Steve Castillo Econ talk

The Sept. 24 event, hosted by the Stanford Institute for Economic Policy Research (SIEPR), featured Peter Henry, left, a professor at the Graduate School of Business and economic adviser to Barack Obama, and Kevin Hassett (speaking), economic adviser to John McCain. SIEPR Director John Shoven, center, moderated the talk.

With John McCain and Barack Obama throwing political punches over how to deal with the country's financial crisis, you might think a face-off between a pair of their economic advisers would get ugly.

Think again.

Instead of pounding each other over whether the presidential candidates should hustle back to Washington to hash out the details of the Bush administration's $700 billion bailout proposal or stick to their campaigns and their first scheduled debate, Peter Henry, a Stanford Business School professor and Obama adviser, and Kevin Hassett, an American Enterprise Institute director who is on McCain's team, kept things relatively cordial during a discussion hosted Wednesday by the Stanford Institute for Economic Policy Research.

"Those of you coming to see red meat will be disappointed," Henry told the audience filling the Bechtel Conference Center.

Even as both advisers repeatedly stressed the need for a bipartisan approach in fixing the current crisis, their 90-minute exchange drew distinctions between the candidates and landed a few party-line jabs.

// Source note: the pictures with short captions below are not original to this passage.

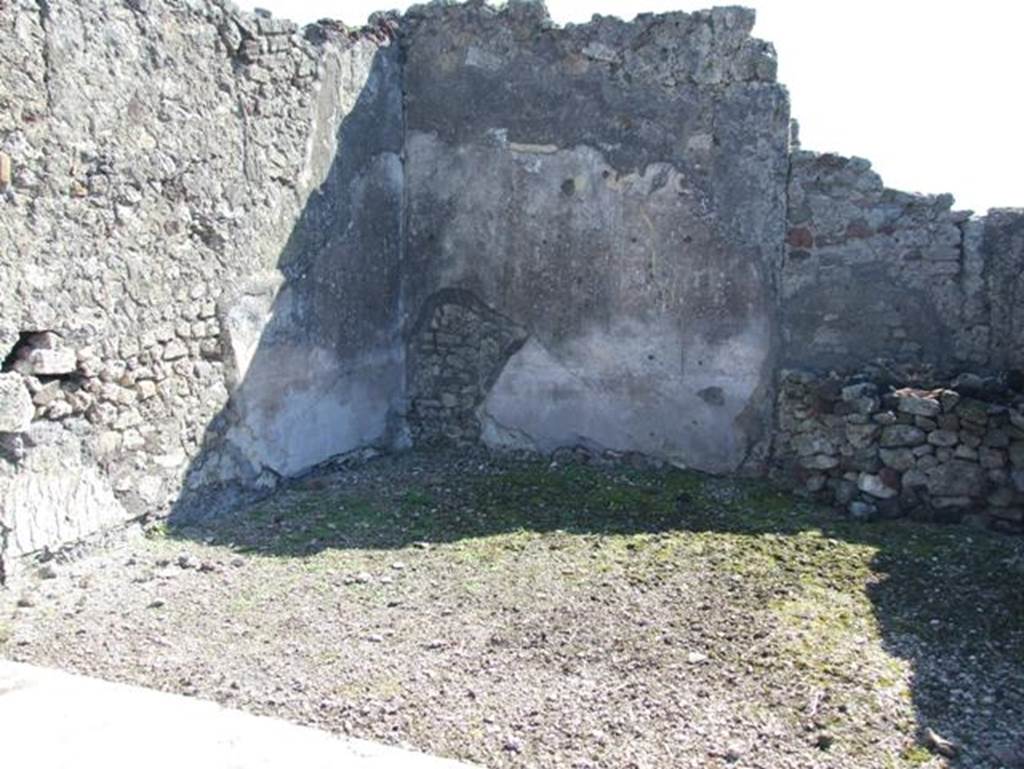 VII.15.2 Pompeii. March 2009. Looking south across dining room on east side of tablinum.
According to PPM –
The zoccolo would have been black and was subdivided into panels which were crossed horizontally by “carpet borders” separated by compartments with painted plants. The middle area of the walls would have been yellow with panels with “carpet borders” separated by narrow architectural ends.
See Carratelli, G. P., 1990-2003. Pompei: Pitture e Mosaici: Vol. VII. Roma: Istituto della enciclopedia italiana, p. 739 no. 69.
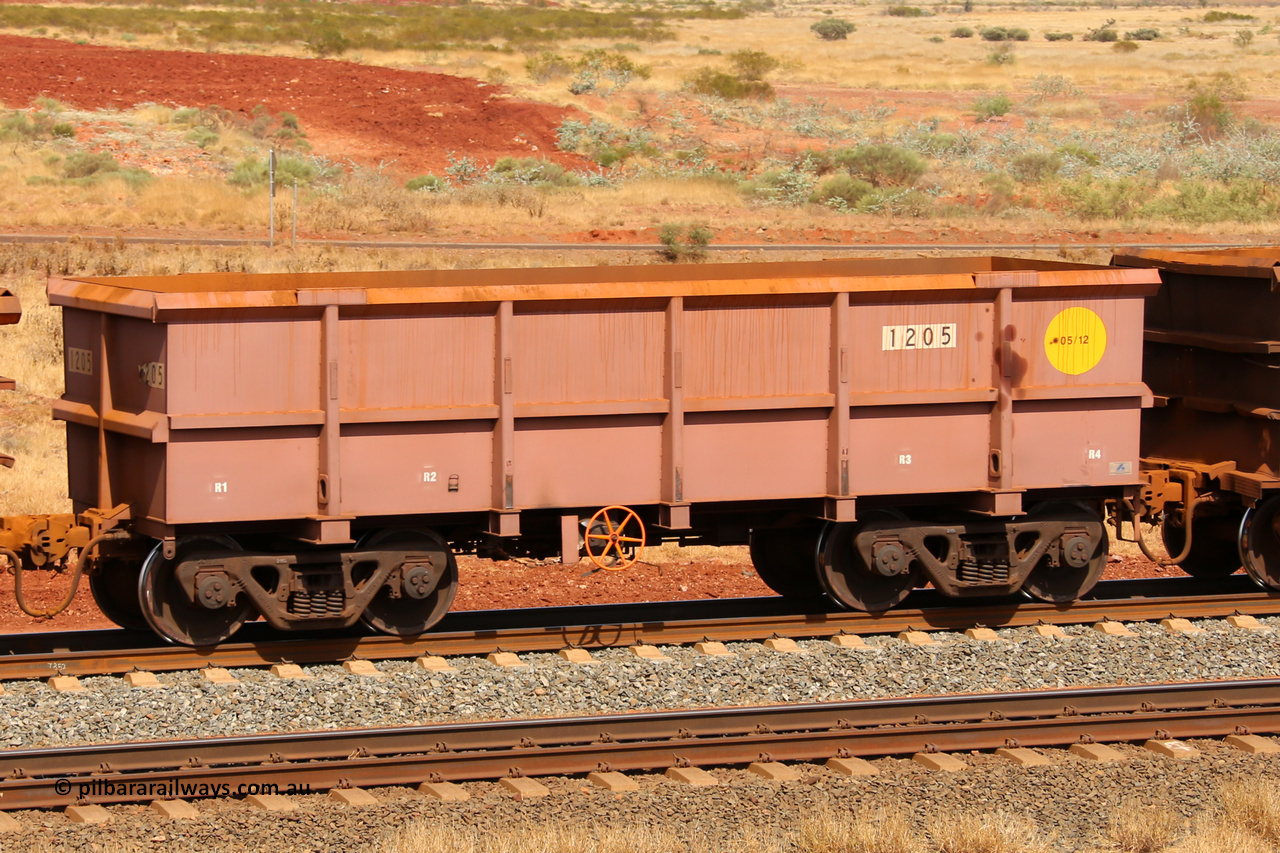 1205 141124 6826
Robe River ore waggon 1205, built by Bradken Rail Qld in May 2012, fixed coupler handbrake side empty view at the 25 km at Arches Siding on the Cape Lambert line. November 24, 2014.
Keywords: 1205;Bradken-Rail-Qld;Robe-ore-waggon;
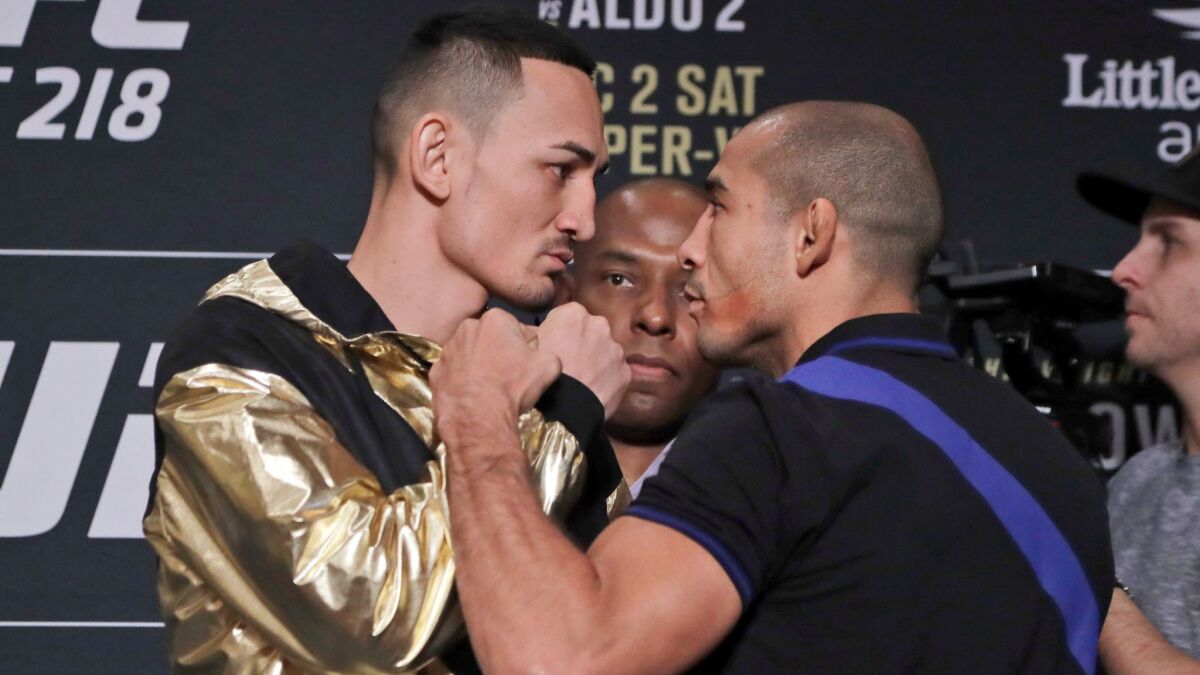 Max Holloway, left, and Jose Aldo get in each other's face on Nov. 30 in Detroit during media day for UFC 218.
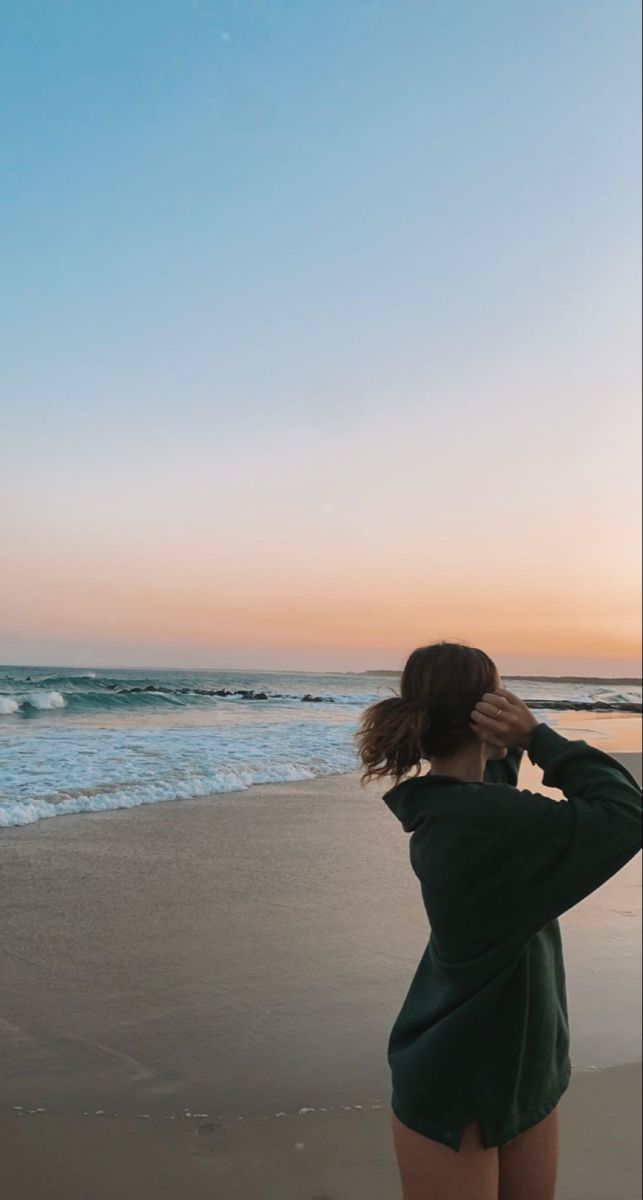 a woman standing on top of a sandy beach next to the ocean at sundown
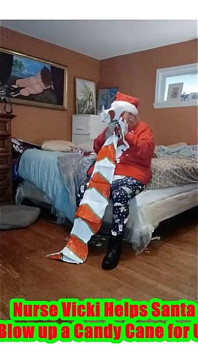 Nurse Vicki Blows up Huge Candy Cany for Santa!
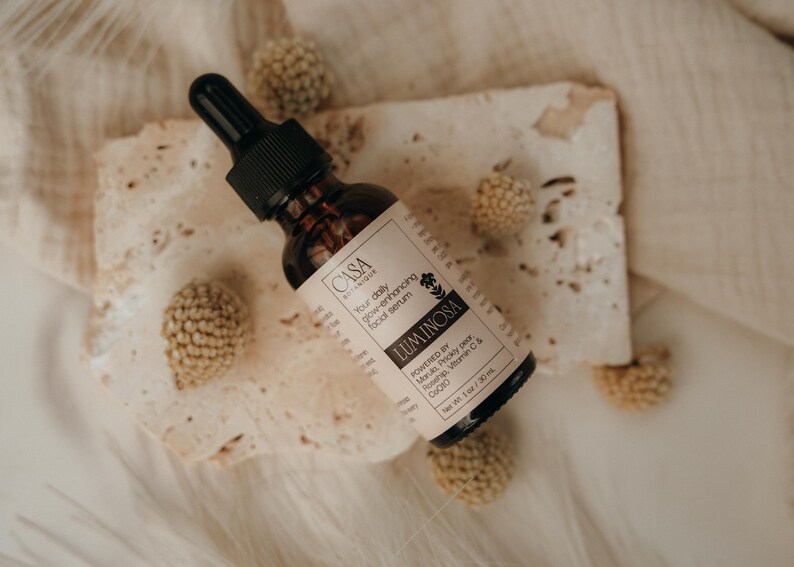 May include: A brown glass bottle of facial serum with a black dropper, labeled "Luminosa." The label is light pink with black text. The bottle rests on a piece of textured paper, surrounded by small, round, beige decorative elements.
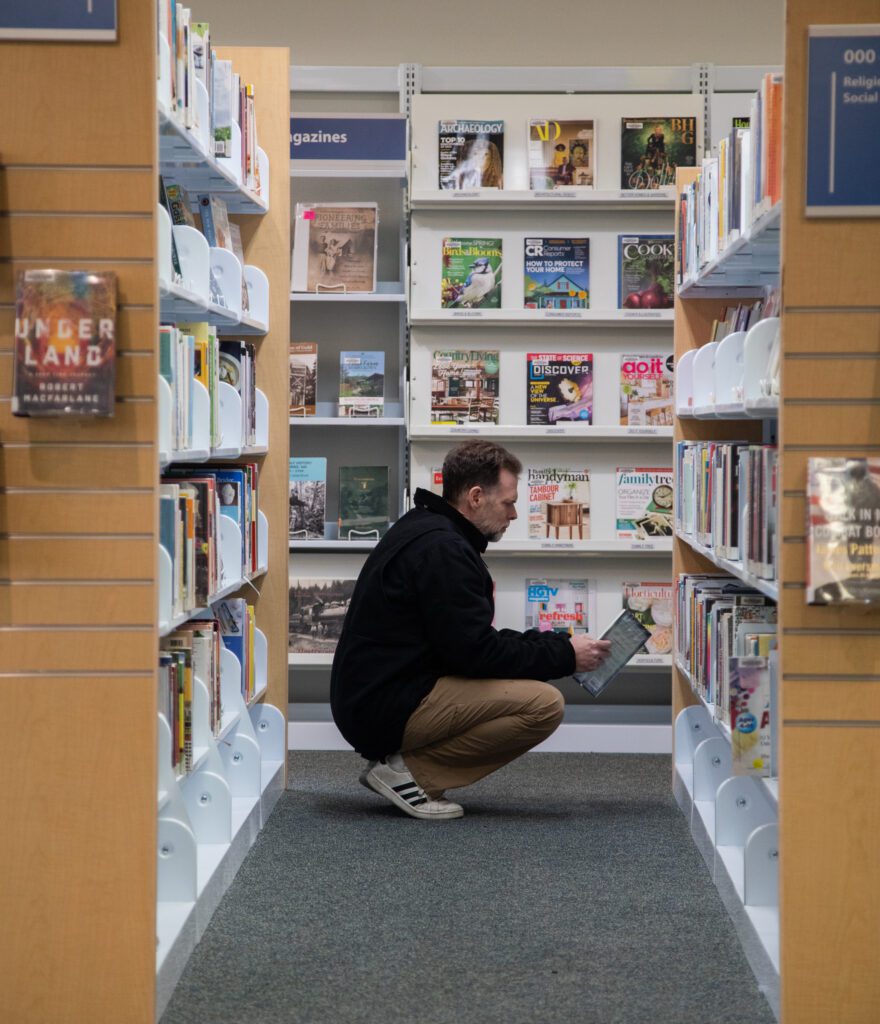 Brent Leggett squats to look at a book in the Sumas Library.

Henry painted McCain's economic proposals as extensions of Bush administration policies that ran up deficits by cutting taxes for big business and the most wealthy.

"After eight years, it's not been a great success," Henry said. He said Obama would cut taxes for "95 percent of Americans" while whittling down the federal deficit. Under McCain's plan, Henry said, the deficit would balloon.

While both candidates are calling for congressional oversight of any bailout plan for Wall Street, Henry said McCain has only recently called for more market regulation.

Hassett struck back, saying McCain has promised to deliver a balanced budget by 2013 and follow through with a tax plan that would cut the corporate tax rate and stimulate job growth. He said assertions that McCain has been opposed to regulation were "political nonsense."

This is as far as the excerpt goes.